The School District’s submissions, including an affidavit of a physical education expert, established its prima facie entitlement to judgment as a matter of law dismissing the complaint insofar as asserted against it (see David v County of Suffolk, 1 NY3d 525, 526 [2003]; Peuplie v Longwood Cent. School Dist., 49 AD3d 837, 839 [2008]). The evidence submitted by the School District demonstrates that the incident occurred so quickly that it could not have been prevented by even the most intense supervision (see Thomas v City of New York, 124 AD3d 872 [2015]; Odekirk v Bellmore-Merrick Cent. School Dist., 70 AD3d 910 [2010]; Mayer v Mahopac Cent. School Dist., 29 AD3d 653 [2006]; Siegell v Herricks Union Free School Dist., 7 AD3d 607 [2004]; Opalek v West Islip Union Free School Dist., 1 AD3d 491 [2003]). In opposition, the plaintiffs failed to raise a triable issue of fact (see O’Brien v Sayville Union Free School Dist., 87 AD3d 569 [2011]). While the plaintiffs emphasize that there is *691evidence in the record indicating that Maher had shoved another student in a gym class on an earlier date, this evidence was insufficiently specific to place the School District on notice of the conduct that led to the infant plaintiff’s injuries (see Mirand v City of New York, 84 NY2d 44, 49 [1994]; Thomas v City of New York, 124 AD3d at 873-874).

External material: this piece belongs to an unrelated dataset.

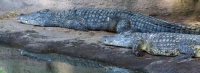 IMG_7572.CR2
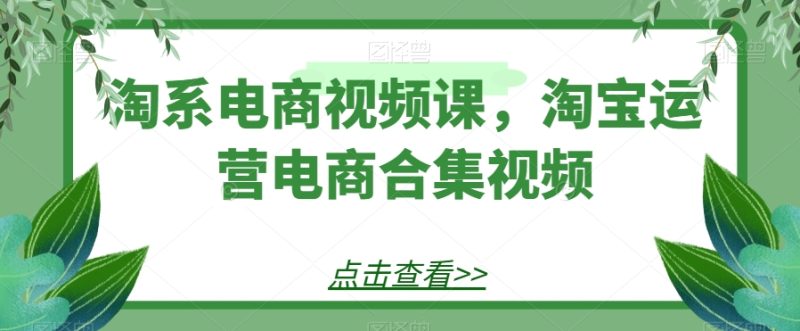 淘系电商视频课,淘宝运营电商合集视频睿集资源栈-网赚项目-副业赚钱-互联网创业-资源整合睿集资源栈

Finally, while the compulsory nature of the gym class activities precludes an assumption of risk defense, it is not an impediment to summary judgment, as it does not deprive the School District of its defense that the incident was sudden and unexpected (see Knightner v William Floyd Union Free School Dist., 51 AD3d 876 [2008]; Mayer v Mahopac Cent. School Dist., 29 AD3d 653, 655 [2006]; Sangineto v Mamaroneck Union Free School Dist., 282 AD2d 596 [2001]).

The parties’ remaining contentions either are without merit or need not be reached in light of our determination.

Accordingly, the Supreme Court should have granted the defendants’ separate motions for summary judgment dismissing the complaint insofar as asserted against each of them.

Dillon, J.P., Dickerson and Barros, JJ., concur.